Häufig: gastrointestinale und abdominale Schmerzen, Obstipation, gastroösophageale Refluxkrankheit, Gastritis, Dysphagie, aufgetriebenes Abdomen.

Allgemeine Störungen

Sehr häufig: periphere Ödeme (17.3%).

* Lungenblutung mit Todesfolge wurde in unkontrollierten Folgestudien zur Langzeitbeobachtung berichtet.

Überdosierung

Über Fälle versehentlicher Überdosierung mit Gesamttagesdosen von 9 bis 25 mg Riociguat an 2 bis 32 Tagen wurde berichtet.

Die unerwünschten Reaktionen ähnelten denen, die unter niedrigeren Dosen beobachtet wurden (siehe «Unerwünschte Wirkungen»).

Ein spezifisches Antidot ist nicht verfügbar.

Im Falle einer Überdosierung sollten nach Bedarf die üblichen supportiven Massnahmen durchgeführt werden.

Bei ausgeprägter Hypotonie kann eine aktive Stützung des Herz-Kreislauf-Systems erforderlich sein.

Aufgrund seiner hochgradigen Bindung an Plasmaproteine ist nicht zu erwarten, dass Riociguat dialysierbar ist.

Eigenschaften/Wirkungen

ATC-Code: C02KX05

Wirkungsmechanismus/Pharmokodynamik

Bindet Stickstoffmonoxid (NO) an das Enzym lösliche Guanylatzyklase (soluble guanylate cyclase, sGC), dann katalysiert sGC die Synthese des Signalmoleküls zyklisches Guanosinmonophosphat (cGMP).
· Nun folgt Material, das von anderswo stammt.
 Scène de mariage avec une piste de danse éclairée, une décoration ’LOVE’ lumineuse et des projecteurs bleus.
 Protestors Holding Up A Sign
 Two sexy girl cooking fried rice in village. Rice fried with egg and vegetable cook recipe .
Intrazelluläres cGMP spielt eine wichtige Rolle bei Prozessen, die den Gefässtonus beeinflussen und von Bedeutung für Proliferation, Fibrosierung und Entzündungsreaktionen sind.
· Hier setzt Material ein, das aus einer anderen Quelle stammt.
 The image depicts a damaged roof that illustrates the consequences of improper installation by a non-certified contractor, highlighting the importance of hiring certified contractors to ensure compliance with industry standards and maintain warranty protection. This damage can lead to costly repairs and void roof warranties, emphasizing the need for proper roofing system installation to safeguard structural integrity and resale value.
Die PH ist mit einer Fehlfunktion des Endothels, einer Verminderung der NO-Synthese und einer unzureichenden Stimulierung des NO-sGC-cGMP-Signalwegs verbunden.

Riociguat besitzt einen dualen Wirkmodus. Einerseits verstärkt es die Wirkung von NO auf die sGC. Andererseits stimuliert Riociguat unabhängig von NO die sGC auch direkt über eine andere Bindungsstelle. Dadurch stellt Riociguat den NO-sGC-cGMP-Signalweg wieder her und führt zu einer vermehrten Bildung von cGMP.

Klinische Wirksamkeit

Klinische Studien

CTEPH

In einer randomisierten, doppelblinden, multinationalen, multizentrischen, placebokontrollierten Phase-III-Studie (CHEST-1) wurden Patienten mit CTEPH eingeschlossen, die (laut Beurteilung durch ein unabhängiges Gremium) inoperabel waren oder bei denen die Krankheit nach einer pulmonalen Endarteriektomie (PEA) fortbestand oder wiederkehrte.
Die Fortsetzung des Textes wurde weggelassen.